Supplied data.
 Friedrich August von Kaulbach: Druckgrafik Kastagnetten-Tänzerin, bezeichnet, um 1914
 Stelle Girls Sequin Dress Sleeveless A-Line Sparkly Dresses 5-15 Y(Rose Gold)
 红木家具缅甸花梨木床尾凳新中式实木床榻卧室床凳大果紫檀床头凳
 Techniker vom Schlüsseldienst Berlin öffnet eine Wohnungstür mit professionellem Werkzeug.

* * *

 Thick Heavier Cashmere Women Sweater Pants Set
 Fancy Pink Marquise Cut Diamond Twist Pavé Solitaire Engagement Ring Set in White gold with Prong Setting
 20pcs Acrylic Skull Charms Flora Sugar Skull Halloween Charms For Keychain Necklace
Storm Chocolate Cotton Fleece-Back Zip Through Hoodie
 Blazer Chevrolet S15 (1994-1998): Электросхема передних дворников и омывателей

Task item.
Using the data above, reproduce exactly the lines between those holding "Thick Heavier Cashmere" and "Blazer Chevrolet S15", inclusive, and no others.

Output for this task.
 Thick Heavier Cashmere Women Sweater Pants Set
 Fancy Pink Marquise Cut Diamond Twist Pavé Solitaire Engagement Ring Set in White gold with Prong Setting
 20pcs Acrylic Skull Charms Flora Sugar Skull Halloween Charms For Keychain Necklace
Storm Chocolate Cotton Fleece-Back Zip Through Hoodie
 Blazer Chevrolet S15 (1994-1998): Электросхема передних дворников и омывателей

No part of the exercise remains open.